## Research

I am interested in methods that let us infer knowledge from data. A focus of my research is **simulation-based** (or likelihood-free) **inference**: statistical methods for the case when we can model a phenomenon with a computer simulation, but we cannot calculate its likelihood function. This may sound like an obscure special case, but is actually extremely common in science, with examples from neuroscience to epidemiology and from elementary particle physics to cosmology! New algorithms based on machine learning, active learning, and the tight integration of simulation and inference are changing what we can do in this field very rapidly, read our opinionated review. We also introduced new inference methods that combine some understanding of the latent processes in the simulator, a dash of classical statistics, and a heavy dose of machine learning.

Applied to problems in **particle physics**, these methods allow us to measure fundamental physics properties more precisely than before. I am the lead developer of the MadMiner library, which automates these algorithms and makes it straightforward to apply these algorithms to almost any measurement problem at the LHC experiments. I also worked on forecasting methods based on **information geometry** for particle physics.

But these methods are not limited to particle physics. We used the same techniques to learn about **dark matter** through gravitational lensing.

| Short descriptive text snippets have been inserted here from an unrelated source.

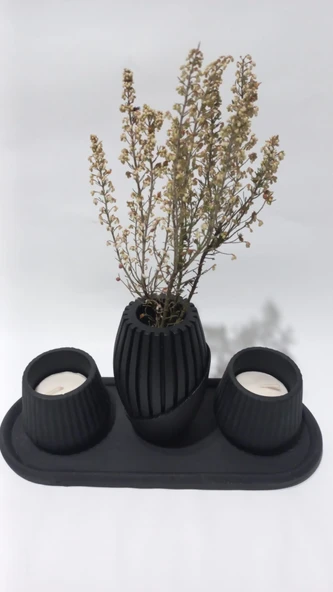 PAMPAS VAZOLU TABAKLI İKİLİ TEALİGHT MUMLUK SET SİYAH DEKOR ürün görseli 1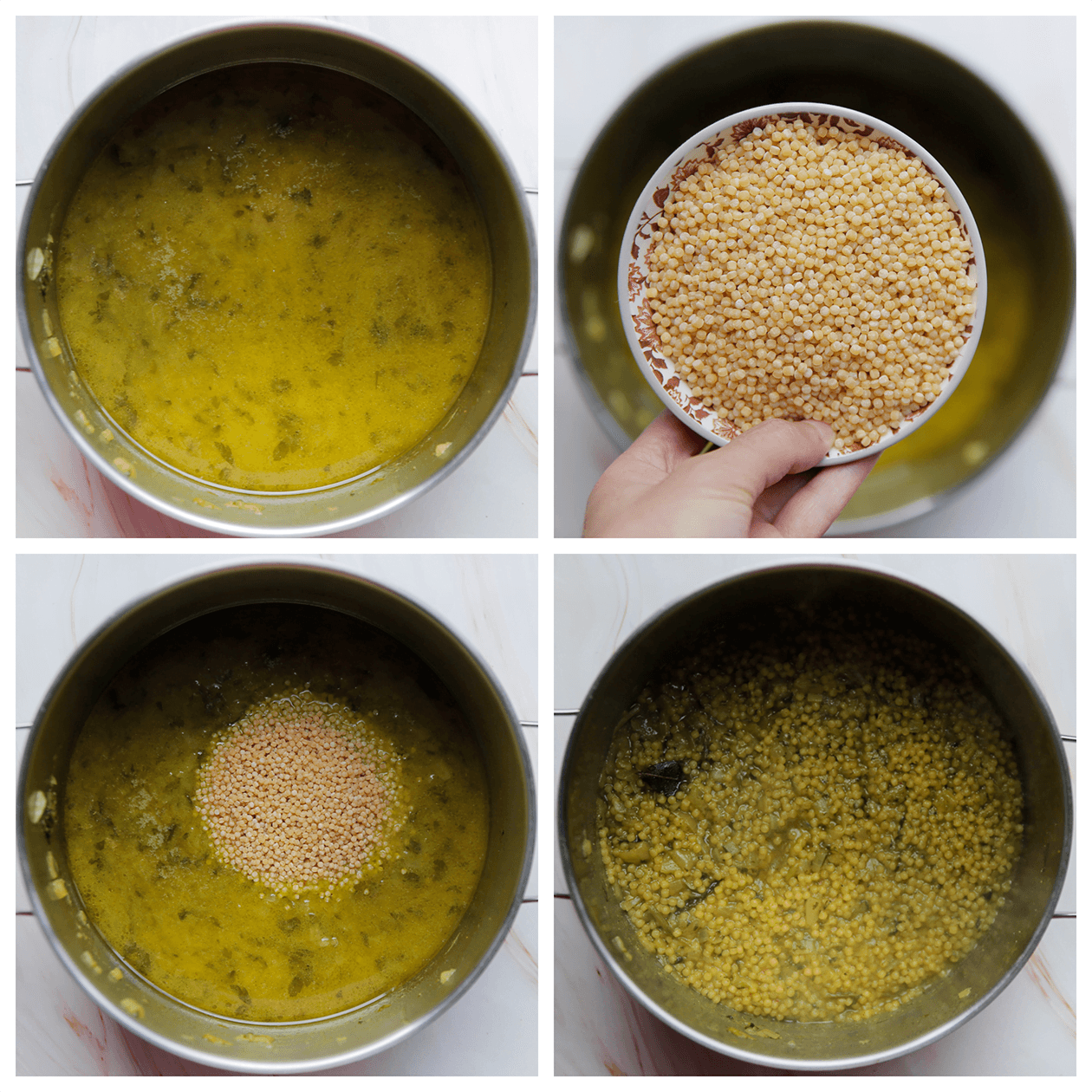 Parelcouscous koken in de jus van kip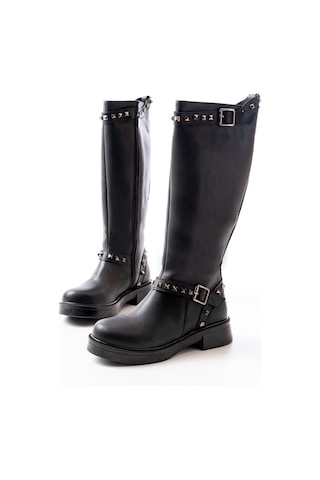 02-307 Siyah Düz Topuklu Günlük Bayan Binici Çizme Resimdeki Renk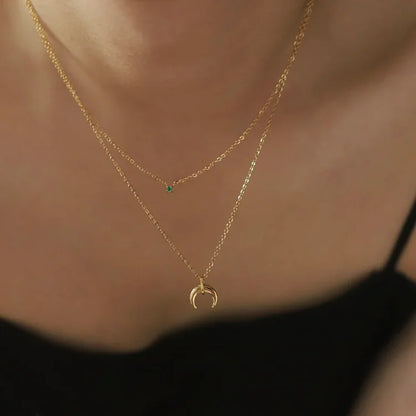 Elegant Green Diamond Double Half Moon Necklace - Selina Collection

I am excited to find out how they can help us understand what is happening in problems in many other scientific domains.

Beyond scientific use cases, I am generally interested in **probabilistic and generative models** such as normalizing flows, **(approximate) inference**, and the **quantification of uncertainty**. I have led the development of manifold-learning flows, a new class of generative models that simultaneously learn the data manifold as well as a tractable probability density on that manifold.